---------- DATA EXTRACT ----------
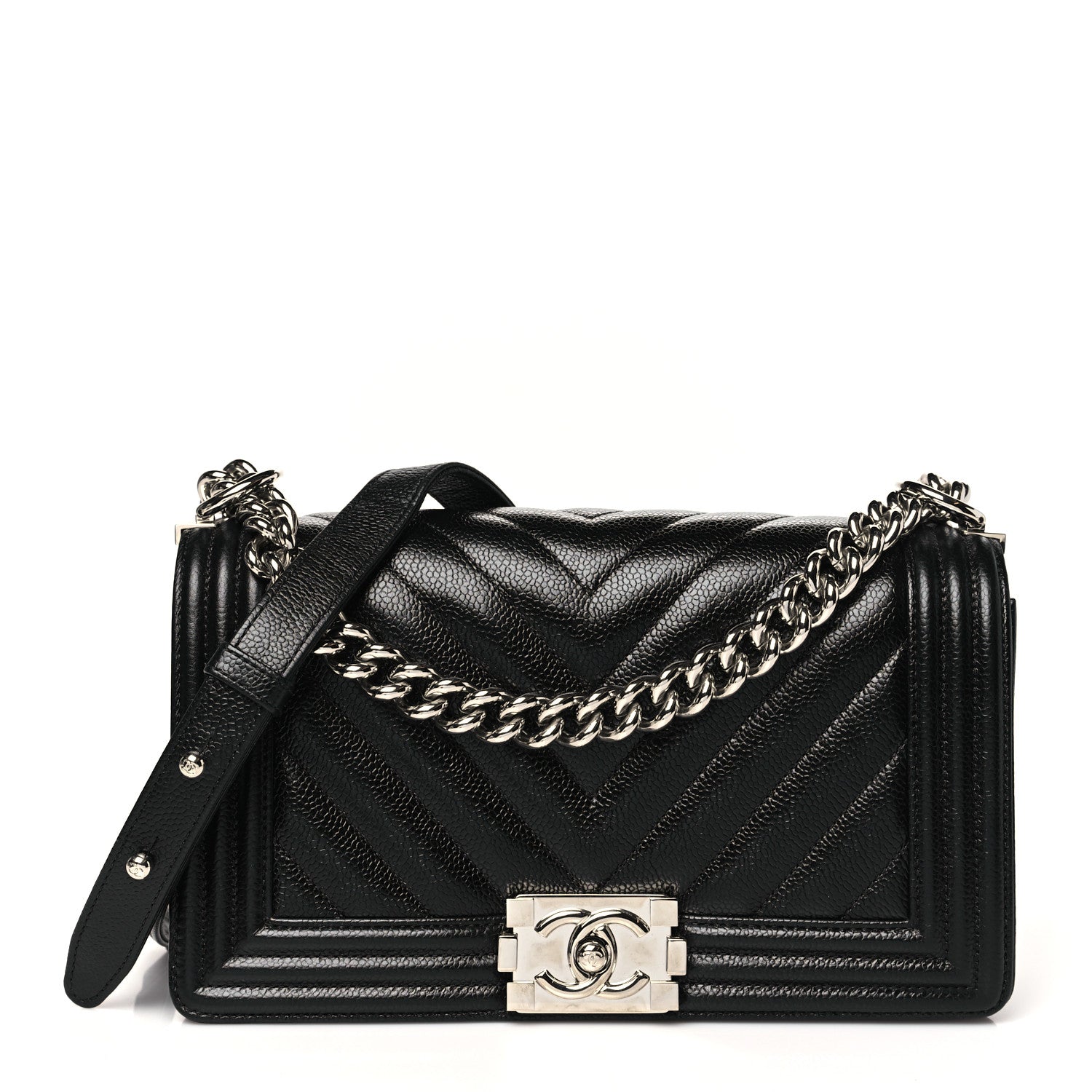 Chanel Caviar Chevron Quilted Medium Boy Flap Black 1 of 10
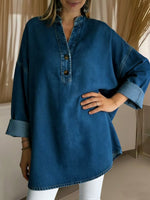 Women's V-neck Long-sleeved Loose-fitting Denim Top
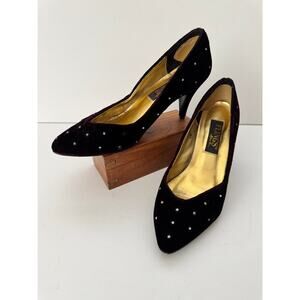 Flings 8M Dark Burgundy Studded Pumps Velvet Pointed Toe Vintage Dress Heels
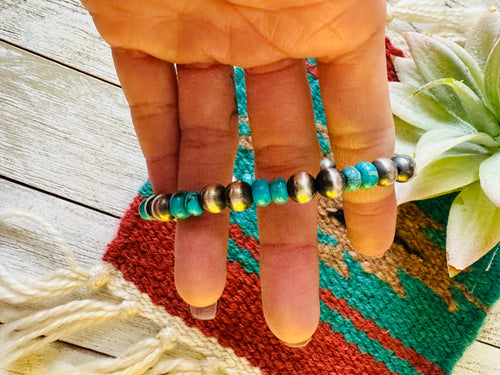 Navajo Sterling Silver Pearl and Turquoise Beaded Stretch Bracelet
----------
Omit the pictures and write out the lines above from the one with "Women's V-neck Long-sleeved" through the last, unchanged.

EXPECTED ANSWER:
 Women's V-neck Long-sleeved Loose-fitting Denim Top
 Flings 8M Dark Burgundy Studded Pumps Velvet Pointed Toe Vintage Dress Heels
 Navajo Sterling Silver Pearl and Turquoise Beaded Stretch Bracelet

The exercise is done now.